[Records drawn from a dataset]

BEGIN

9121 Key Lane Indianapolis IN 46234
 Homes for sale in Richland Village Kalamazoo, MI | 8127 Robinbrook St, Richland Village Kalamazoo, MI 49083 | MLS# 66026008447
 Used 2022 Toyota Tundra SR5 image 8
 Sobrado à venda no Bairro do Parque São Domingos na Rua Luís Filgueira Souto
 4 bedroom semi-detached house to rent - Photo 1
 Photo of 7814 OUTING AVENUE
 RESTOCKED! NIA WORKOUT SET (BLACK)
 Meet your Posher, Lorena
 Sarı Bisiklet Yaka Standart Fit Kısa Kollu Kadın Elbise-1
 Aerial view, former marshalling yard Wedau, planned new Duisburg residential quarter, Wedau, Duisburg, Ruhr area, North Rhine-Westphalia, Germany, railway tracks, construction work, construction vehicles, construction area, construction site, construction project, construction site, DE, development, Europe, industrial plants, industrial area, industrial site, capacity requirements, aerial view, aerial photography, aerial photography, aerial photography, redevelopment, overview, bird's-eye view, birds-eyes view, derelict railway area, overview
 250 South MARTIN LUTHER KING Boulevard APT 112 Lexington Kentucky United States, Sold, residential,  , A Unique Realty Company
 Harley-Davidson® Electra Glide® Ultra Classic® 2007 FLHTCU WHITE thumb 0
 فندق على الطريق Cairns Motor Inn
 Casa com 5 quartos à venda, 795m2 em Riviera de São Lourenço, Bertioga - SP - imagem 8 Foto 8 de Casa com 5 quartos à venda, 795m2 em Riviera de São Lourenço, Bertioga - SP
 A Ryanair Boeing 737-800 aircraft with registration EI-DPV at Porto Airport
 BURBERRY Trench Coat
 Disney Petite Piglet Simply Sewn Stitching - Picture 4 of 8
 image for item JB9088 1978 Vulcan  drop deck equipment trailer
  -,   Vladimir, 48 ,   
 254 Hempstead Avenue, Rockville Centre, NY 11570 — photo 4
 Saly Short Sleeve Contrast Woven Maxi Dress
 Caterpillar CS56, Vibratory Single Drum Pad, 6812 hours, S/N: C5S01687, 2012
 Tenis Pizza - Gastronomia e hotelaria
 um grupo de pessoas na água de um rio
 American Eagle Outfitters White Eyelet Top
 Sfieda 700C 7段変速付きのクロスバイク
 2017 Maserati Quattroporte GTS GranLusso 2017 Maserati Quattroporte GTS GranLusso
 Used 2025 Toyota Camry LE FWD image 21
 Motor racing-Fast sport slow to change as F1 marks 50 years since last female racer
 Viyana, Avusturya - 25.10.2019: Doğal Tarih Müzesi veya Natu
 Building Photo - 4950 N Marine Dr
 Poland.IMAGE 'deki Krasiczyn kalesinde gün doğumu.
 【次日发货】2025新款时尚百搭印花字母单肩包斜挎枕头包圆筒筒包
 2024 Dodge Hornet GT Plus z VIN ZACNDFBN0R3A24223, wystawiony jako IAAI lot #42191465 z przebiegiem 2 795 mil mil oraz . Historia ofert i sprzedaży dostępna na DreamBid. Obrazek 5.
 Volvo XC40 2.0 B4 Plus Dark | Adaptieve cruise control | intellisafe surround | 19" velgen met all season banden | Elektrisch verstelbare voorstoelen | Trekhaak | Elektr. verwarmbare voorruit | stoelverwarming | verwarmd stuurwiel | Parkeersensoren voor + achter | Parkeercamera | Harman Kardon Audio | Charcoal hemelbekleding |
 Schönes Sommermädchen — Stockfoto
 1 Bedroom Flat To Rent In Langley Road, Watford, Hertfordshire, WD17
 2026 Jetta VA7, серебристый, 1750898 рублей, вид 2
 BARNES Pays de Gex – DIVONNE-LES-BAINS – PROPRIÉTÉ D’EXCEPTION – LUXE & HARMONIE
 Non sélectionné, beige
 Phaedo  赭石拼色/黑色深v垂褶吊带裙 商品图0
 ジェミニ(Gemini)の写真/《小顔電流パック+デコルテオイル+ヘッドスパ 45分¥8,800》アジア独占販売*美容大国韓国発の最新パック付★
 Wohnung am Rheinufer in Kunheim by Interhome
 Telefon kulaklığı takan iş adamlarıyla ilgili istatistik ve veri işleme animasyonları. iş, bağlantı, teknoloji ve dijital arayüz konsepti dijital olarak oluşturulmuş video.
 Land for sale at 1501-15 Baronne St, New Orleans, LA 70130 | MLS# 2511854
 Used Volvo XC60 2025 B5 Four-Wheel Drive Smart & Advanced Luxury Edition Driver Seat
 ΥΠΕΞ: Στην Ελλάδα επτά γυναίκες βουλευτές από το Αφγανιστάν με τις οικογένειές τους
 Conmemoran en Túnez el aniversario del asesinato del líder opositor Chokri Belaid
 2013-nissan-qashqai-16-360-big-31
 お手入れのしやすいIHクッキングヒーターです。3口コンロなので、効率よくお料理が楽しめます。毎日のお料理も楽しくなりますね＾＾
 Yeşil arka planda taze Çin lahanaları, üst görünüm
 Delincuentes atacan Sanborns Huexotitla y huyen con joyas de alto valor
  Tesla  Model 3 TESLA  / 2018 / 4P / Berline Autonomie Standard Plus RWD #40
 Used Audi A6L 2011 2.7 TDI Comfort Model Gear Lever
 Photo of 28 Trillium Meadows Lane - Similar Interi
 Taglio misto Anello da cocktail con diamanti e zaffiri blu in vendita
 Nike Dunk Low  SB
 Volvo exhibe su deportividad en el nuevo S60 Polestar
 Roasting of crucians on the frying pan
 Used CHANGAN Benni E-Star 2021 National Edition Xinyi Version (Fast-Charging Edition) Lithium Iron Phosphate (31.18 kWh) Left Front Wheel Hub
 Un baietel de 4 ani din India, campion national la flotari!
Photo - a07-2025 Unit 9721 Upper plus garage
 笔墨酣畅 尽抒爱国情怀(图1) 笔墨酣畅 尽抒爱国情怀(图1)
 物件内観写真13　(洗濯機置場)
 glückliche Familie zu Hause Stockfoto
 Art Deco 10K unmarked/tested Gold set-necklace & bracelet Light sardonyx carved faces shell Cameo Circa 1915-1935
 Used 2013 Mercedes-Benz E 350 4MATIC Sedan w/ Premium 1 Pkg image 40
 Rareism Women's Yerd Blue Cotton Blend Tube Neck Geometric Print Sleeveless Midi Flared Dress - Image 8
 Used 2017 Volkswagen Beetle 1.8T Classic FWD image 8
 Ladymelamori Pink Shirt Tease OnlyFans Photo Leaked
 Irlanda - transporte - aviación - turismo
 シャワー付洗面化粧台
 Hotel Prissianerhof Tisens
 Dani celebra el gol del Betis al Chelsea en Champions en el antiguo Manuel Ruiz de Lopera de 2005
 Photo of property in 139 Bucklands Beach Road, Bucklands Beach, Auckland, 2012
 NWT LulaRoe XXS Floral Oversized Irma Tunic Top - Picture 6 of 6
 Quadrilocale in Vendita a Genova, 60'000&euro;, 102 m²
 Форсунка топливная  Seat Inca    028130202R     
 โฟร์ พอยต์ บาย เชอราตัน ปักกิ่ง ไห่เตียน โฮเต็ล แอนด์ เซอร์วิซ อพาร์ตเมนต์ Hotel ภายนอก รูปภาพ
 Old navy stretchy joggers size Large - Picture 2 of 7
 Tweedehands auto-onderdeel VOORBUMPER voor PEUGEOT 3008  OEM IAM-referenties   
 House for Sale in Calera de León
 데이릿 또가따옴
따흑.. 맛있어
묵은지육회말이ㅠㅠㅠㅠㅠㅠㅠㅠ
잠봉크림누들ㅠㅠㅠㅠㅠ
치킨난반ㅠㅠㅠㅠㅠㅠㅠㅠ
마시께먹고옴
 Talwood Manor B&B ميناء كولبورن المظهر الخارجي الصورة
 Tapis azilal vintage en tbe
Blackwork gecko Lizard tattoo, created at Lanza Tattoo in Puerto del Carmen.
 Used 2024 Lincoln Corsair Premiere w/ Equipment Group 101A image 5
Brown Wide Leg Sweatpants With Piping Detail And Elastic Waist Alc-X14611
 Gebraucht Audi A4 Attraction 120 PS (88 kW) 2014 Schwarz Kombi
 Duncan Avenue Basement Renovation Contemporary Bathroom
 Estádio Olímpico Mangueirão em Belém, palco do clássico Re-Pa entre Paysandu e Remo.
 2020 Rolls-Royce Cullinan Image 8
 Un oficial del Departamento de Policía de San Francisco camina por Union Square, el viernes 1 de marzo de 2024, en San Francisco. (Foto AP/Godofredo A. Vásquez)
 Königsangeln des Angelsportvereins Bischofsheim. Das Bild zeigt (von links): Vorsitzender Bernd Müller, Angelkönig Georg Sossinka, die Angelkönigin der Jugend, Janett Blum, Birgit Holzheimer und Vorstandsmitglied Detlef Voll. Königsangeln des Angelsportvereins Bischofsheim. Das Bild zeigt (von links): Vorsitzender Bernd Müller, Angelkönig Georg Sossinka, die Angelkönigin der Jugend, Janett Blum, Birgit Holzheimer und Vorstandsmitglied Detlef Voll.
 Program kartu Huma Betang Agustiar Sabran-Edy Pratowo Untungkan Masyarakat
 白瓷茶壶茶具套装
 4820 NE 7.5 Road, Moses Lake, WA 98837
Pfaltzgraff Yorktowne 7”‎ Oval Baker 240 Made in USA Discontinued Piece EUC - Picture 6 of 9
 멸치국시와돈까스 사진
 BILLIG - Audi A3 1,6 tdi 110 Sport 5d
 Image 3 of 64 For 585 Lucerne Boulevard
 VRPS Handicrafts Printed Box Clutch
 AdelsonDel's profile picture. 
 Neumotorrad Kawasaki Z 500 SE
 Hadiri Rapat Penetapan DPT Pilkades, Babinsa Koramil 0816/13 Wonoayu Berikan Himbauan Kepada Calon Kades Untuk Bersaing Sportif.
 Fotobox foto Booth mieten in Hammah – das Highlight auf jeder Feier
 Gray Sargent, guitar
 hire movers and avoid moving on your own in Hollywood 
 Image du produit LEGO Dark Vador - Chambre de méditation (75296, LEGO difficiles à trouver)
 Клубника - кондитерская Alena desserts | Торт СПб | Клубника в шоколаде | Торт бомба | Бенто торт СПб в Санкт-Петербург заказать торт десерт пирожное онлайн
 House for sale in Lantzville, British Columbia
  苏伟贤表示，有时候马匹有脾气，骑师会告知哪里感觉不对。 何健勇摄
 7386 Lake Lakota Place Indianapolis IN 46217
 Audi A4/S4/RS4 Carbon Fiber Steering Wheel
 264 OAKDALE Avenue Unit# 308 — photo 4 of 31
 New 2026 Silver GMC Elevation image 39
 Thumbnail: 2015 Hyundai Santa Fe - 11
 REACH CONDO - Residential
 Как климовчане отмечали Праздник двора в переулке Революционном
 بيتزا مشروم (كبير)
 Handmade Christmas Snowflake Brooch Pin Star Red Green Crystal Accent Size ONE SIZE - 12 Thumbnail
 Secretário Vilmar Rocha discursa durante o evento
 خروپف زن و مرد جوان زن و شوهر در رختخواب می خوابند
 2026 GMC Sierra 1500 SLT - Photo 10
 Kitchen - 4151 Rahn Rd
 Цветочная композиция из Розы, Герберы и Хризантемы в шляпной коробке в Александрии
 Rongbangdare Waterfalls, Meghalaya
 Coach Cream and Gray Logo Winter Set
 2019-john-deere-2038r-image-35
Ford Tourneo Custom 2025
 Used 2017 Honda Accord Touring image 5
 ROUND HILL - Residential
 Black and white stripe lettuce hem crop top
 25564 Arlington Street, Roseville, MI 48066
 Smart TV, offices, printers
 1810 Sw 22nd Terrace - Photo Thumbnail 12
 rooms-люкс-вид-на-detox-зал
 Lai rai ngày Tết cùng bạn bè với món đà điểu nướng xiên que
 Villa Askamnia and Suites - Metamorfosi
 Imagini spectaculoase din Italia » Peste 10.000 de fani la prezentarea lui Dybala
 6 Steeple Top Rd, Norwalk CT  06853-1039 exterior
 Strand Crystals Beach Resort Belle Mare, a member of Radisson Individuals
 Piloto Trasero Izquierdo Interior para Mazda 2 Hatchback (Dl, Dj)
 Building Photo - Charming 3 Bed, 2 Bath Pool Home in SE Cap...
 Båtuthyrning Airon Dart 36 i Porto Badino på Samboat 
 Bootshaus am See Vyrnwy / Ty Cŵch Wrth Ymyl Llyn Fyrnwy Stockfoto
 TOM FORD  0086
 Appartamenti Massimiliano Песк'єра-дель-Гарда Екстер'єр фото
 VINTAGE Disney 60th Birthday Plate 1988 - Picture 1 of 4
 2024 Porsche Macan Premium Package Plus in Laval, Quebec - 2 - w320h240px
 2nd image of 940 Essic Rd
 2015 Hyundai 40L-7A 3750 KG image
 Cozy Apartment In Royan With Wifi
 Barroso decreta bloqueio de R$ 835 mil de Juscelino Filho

END

**Your objective**
Reproduce exactly the section above that begins at the line containing "Old navy stretchy" and ends at the line containing "Tapis azilal vintage en tbe", leaving out all other lines.

**Answer to the problem**
 Old navy stretchy joggers size Large - Picture 2 of 7
 Tweedehands auto-onderdeel VOORBUMPER voor PEUGEOT 3008  OEM IAM-referenties   
 House for Sale in Calera de León
 데이릿 또가따옴
따흑.. 맛있어
묵은지육회말이ㅠㅠㅠㅠㅠㅠㅠㅠ
잠봉크림누들ㅠㅠㅠㅠㅠ
치킨난반ㅠㅠㅠㅠㅠㅠㅠㅠ
마시께먹고옴
 Talwood Manor B&B ميناء كولبورن المظهر الخارجي الصورة
 Tapis azilal vintage en tbe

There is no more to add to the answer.